In case you’re not familiar with it, Shakespeare & Co. is a bookshop. Not a book store, a shop. Like something out of Dickens, from its wooden facade to its shelves - everywhere - to its steep and narrow staircase to its labyrinth of tiny rooms, all bulging with books of all sorts. A librarian’s nightmare but a book lover’s dream.
     If you’re short on time, don’t come here for a quick fix. This is true Browser Territory. The books are arranged by sections, but for anything more specific than that, you’re on your own. And as the shop is staffed largely by non-professionals, they may not be of much help. But if there’s something you’re looking for and you can’t find it here... well, let me rephrase that - and it isn’t here somewhere, then you are truly exceptional.

George's credo
      All that may change shortly. And for a very sad reason. Just before Christmas, Shakespeare mourned the death of its founder, George Whitman, after a stroke two months earlier. He had just turned 98.
     George was a legend and people argue over whether he was a benevolent father figure or a temperamental despot. The answer is both, depending on his mood. As Marlise Simons put it in her obit in the New York Times, "For decades Mr. Whitman provided food and makeshift beds to young aspiring novelists or writing nomads, often letting them spend a night, a week, or even months living among the crowded shelves and alcoves." His motto, emblazoned on a wall, was a Biblical passage that George chose rather to attribute to Yeats, one of his favorite poets: "Be not inhospitable to strangers, lest they be angels in disguise."
     George was once one of those angels in disguise himself. After a year in China as a child when his father was on a teaching sabbatical, after trekking through North America and down to the swamps of Panama, after the Army during World War II stuck in a corner of Greenland, after backpacking across Europe, he finally set down his backpack in Paris in 1948, where he proceeded to create a lending library out of his hotel room. From there, he graduated to a kiosk and finally to this place on the quai of the Seine, just across from Notre-Dame, which must have been a hovel then... and still is now, to some extent, although the current occupants have yuppified the rest of the building into six-digit nosebleed rental property. They were much chagrined, although secretly bemused, by George’s shop and his late-night feasts in which his door was open and people spilled in and out and poetry and prose were read aloud... very aloud sometimes.
One of the beds
among the bookshelves
The narrow, steep stairs
     If you were passing through Paris and you needed a place to crash, George would accommodate you, especially if you were "a writer", a vague description that encompassed just about everything and anything from a term paper to the Great American Novel.
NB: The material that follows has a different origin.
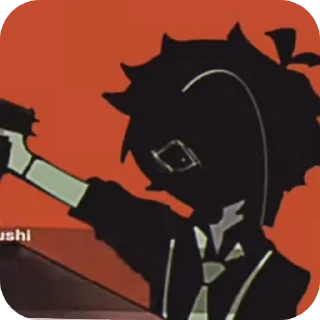 🖼 emoji |×♥×|′·′𝑰! 𝑨𝒕𝒔𝒖𝒔𝒉𝒊′✓/ Telegram sticker 9 of 13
You would get a bed, but no bathroom, although there was a toilet somewhere in the labyrinth of rooms, and an occasional sink with cold water. Baths and meals were procured elsewhere; they weren’t part of the deal. But if you needed to capture your ideas, there was (and I believe still is, judging by the BBC’s obit) an old typewriter of the Dashiell Hammett variety that you could hammer on. (There was also a piano to hammer on in one nook or cranny.) And the coins tossed into the wishing well on the ground floor were marked with the sign "Give what you can, take what you need" and signed, simply, "George". In exchange for this, George asked for a few hours of sweeping what floor was still visible and shelving books... which may account for the pandemonium in that area. A good friend’s brother was one such recipient of George’s largesse during his week in Paris. He spoke of it with both a smile and a grimace, which probably aptly sums up George’s effect on people in general.
     The shop itself is the offspring of a previous shop of that name, which was created by Sylvia Beach a few days after the end of World War I. Located off of the Place de l’Odéon, it was in the heart of the literary district and became a hangout for Hemingway and Fitzgerald during their Paris days, as well as for James Joyce and Ezra Pound. It remained open after Paris fell in World War II but was forced to close in 1941, with Beach interned for six months and keeping her books hidden in an apartment. George’s reincarnation of the shop was initially called Le Mistral but renamed in 1964 in honor of Beach’s shop. In fact, George thought so highly of Beach that he named his only child Sylvia. And now it’s this Sylvia who is in charge.
     It’s my understanding that father and daughter had been estranged for most of her lifetime, which is not surprising, given George’s character and the short duration of his marriage to her mother. But they must have patched up their differences and Sylvia has been at the helm for the last decade, more or less, as George’s health declined. This has led to a computerization of the business and a less amateur manning of the counters. She’s even taken on the daunting task of inventorying the titles of every book in the place, which is no mean feat! I wonder if that includes the ones for sale on the sidewalk tables and built-in outdoor shelves that are your first hint of what awaits you inside.
     With this change in skippers, I also wonder if Shakespeare & Co. will change. Will it continue to house passing angels? Will its kindness to aspiring local writers - including myself - continue with their books remaining on the shelves on consignment? Time will tell.
     But I’ll miss George and his capharnaüm chaos. Stepping inside his shop was like literary time travel. I know of no other place like it.

The view from
Shakespeare & Co.
Shakespeare & Co.
37, rue de la Bûcherie
75005 - Paris
01.43.25.40.93

e-mail: news@shakespeareandcompany
www.shakespeareandcompany.com

"We are open every day 10 am - 11 pm
except for Saturday and Sunday when we open at 11 am"

5 comments:

  1. I thought I read that Sylvia -- who lived upstairs -- also died recently. Am I remembering correctly or did I dream this? Loved the posting . . . I've been there!!!!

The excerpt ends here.